Antes de ir adiante: a discussão é ociosa. Se o ponto for transferido, mudará para apenas 200 metros à frente, segundo a última decisão do governo. E mudará para espaço ainda mais nobre, nas proximidades da praça Vilaboim. A imprensa falou que, no projeto anterior, um supermercado seria demolido. Mas omitiu que seria também demolido um prédio residencial de alto padrão, de doze andares. Na Europa, os metrôs são buracos que descem para o fundo da terra. Aqui, quer-se construir uma catedral na superfície.

Volto ao jornal. Que quer dizer a reportagem? Ao fazer uma distinção entre moradores e trabalhadores, no fundo está afirmando que os moradores do bairro não trabalham. O Datafolha está brincando de luta de classes. Higienópolis seria um reduto de uma elite ociosa, bairro ao qual acorre a laboriosa classe operária para prestar seus serviços. Ora, não é bem assim.

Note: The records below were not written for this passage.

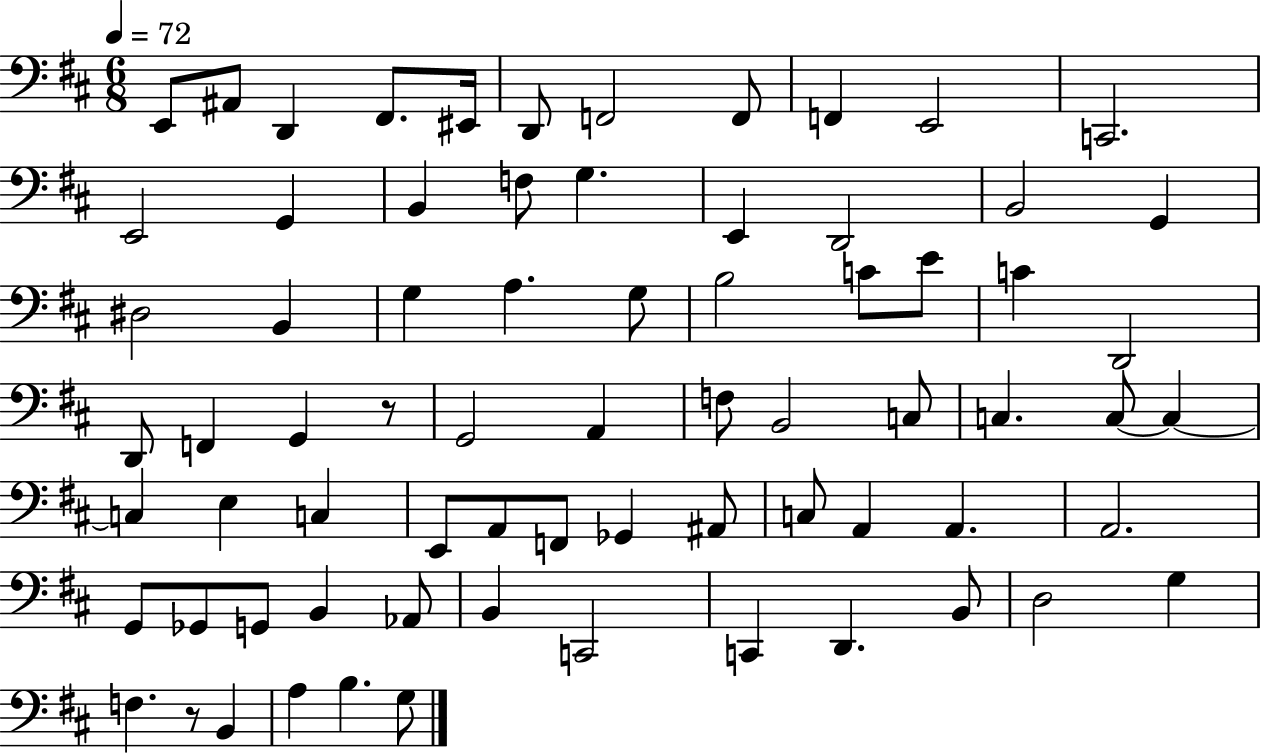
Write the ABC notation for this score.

X:1
T:Untitled
M:6/8
L:1/4
K:D
E,,/2 ^A,,/2 D,, ^F,,/2 ^E,,/4 D,,/2 F,,2 F,,/2 F,, E,,2 C,,2 E,,2 G,, B,, F,/2 G, E,, D,,2 B,,2 G,, ^D,2 B,, G, A, G,/2 B,2 C/2 E/2 C D,,2 D,,/2 F,, G,, z/2 G,,2 A,, F,/2 B,,2 C,/2 C, C,/2 C, C, E, C, E,,/2 A,,/2 F,,/2 _G,, ^A,,/2 C,/2 A,, A,, A,,2 G,,/2 _G,,/2 G,,/2 B,, _A,,/2 B,, C,,2 C,, D,, B,,/2 D,2 G, F, z/2 B,, A, B, G,/2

Crianças, estudantes e aposentados à parte, todo mundo trabalha neste bairro. Ou não viveriam aqui. Não há nada de anormal no fato de crianças e estudantes não trabalharem. Quanto aos aposentados, já trabalharam. Existirão, é claro, muitas madames que não sabem o que é carteira assinada. Mas sempre será necessário um marido que sue a camiseta para que madame e seus rebentos comam. A Folha está sofismando a partir de estatísticas manipuladas.

De uma leitora, recebo:

Boa tarde, Janer.

Sou arquiteta e urbanista e sei que no Brasil classe média e elite não quer aproximação com a pobreza. Isso é perceptível no desenho urbano das nossas cidades, por exemplo, e você já escreveu um texto muito bom sobre isso em que abordava a diferença entre as cidades brasileiras e as européias (não vou me lembrar agora exatamente qual texto é).

A classe média e as elites, em Higienópolis ou qualquer outro bairro brasileiro, não quer a presença do pobre a não ser como prestador de serviços e você deixa isso claro no seu texto. Que os pobres limpem suas casas, sirvam comida, atendam em balcões... até aí, tudo bem. Mas fazer parte do cotidiano como um cidadão igual aos das demais faixas de renda, dividir o mesmo espaço numa praça, que as crianças pobres brinquem no parquinho com as crianças ricas... isso não. Isso nem você, nem os moradores de Higienópolis e nem os defensores do povão querem.

As manifestações em defesa dos moradores de Higienópolis são tão hipócritas quanto as dos defensores do povo.


O problema, leitora, não é o desenho urbano das cidades. É o preço do metro quadrado. Que obedece às leis da oferta e da procura. Não fosse o preço do metro quadrado, eu estaria morando em Paris ou Madri. Em Capão Redondo, o metro quadrado é muito barato. Mas é claro que não me agradaria morar lá.

Sim, existirá uma elite que não quer a proximidade com pobres. Mas isso não é crime. É uma questão de preferência, exercício da liberdade pessoal. Vivo em um bairro de ricos e não tenho convívio com rico algum. Meu círculo é constituído por pessoas remediadas. Que têm onde morar, é verdade, e conseguem comer e beber decentemente. Todas vivem no bairro ou nas adjacências.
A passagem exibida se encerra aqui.